● **Task description**: An exact copy of the data is needed, but without any of its images.

● **Data extract**:

/---

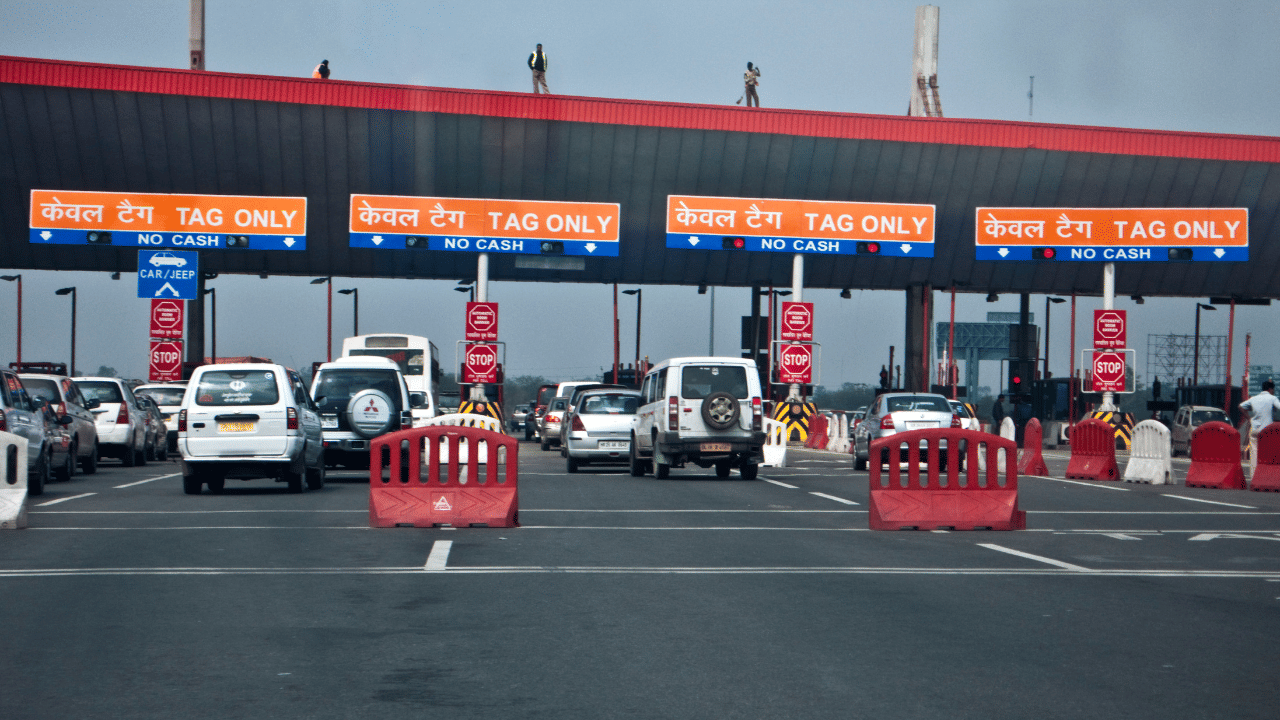 Annual fastag pass: 3000 രൂപയുടെ ഫാസ്റ്റ് ടാഗ് വാർഷിക പാസ് എന്ന വമ്പൻ പ്രഖ്യാപനം, ഓ​ഗസ്റ്റ് മുതൽ ഇനി ടോളിനെ പേടിക്കേണ്ട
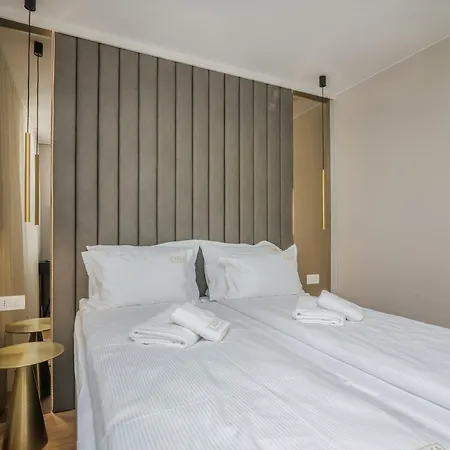 Lejlighed Larka Luxury Malinska, With Private Pool, 150 M From The Sea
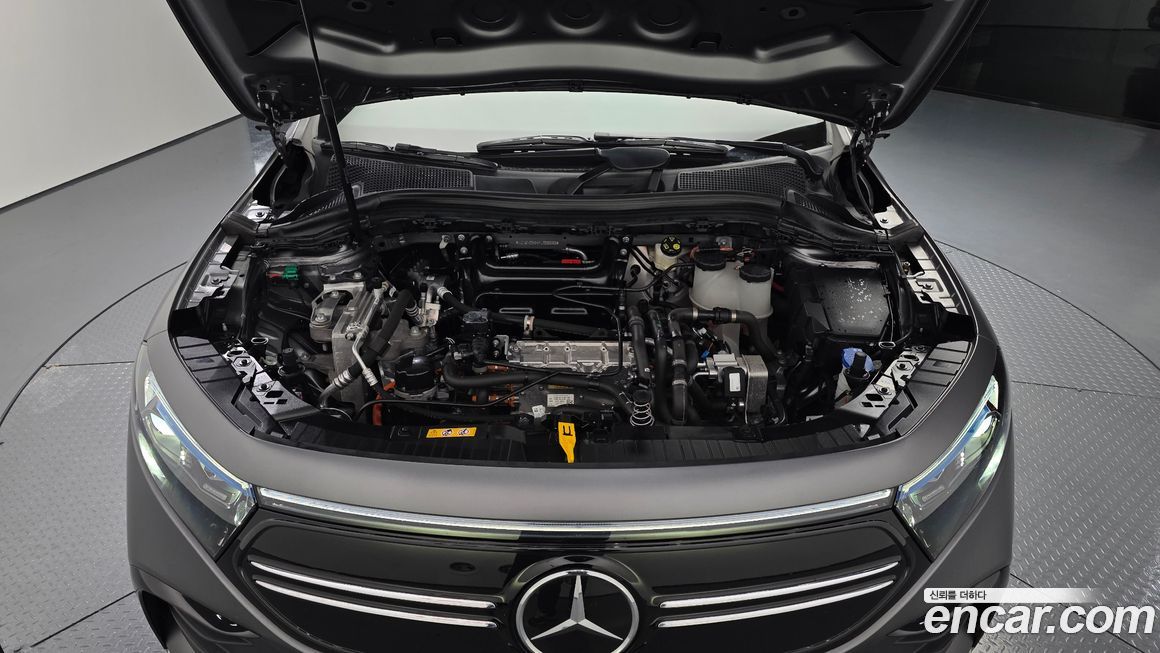 Mercedes-Benz EQA 2023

\---

● **Your solution**:
 Annual fastag pass: 3000 രൂപയുടെ ഫാസ്റ്റ് ടാഗ് വാർഷിക പാസ് എന്ന വമ്പൻ പ്രഖ്യാപനം, ഓ​ഗസ്റ്റ് മുതൽ ഇനി ടോളിനെ പേടിക്കേണ്ട
 Lejlighed Larka Luxury Malinska, With Private Pool, 150 M From The Sea
 Mercedes-Benz EQA 2023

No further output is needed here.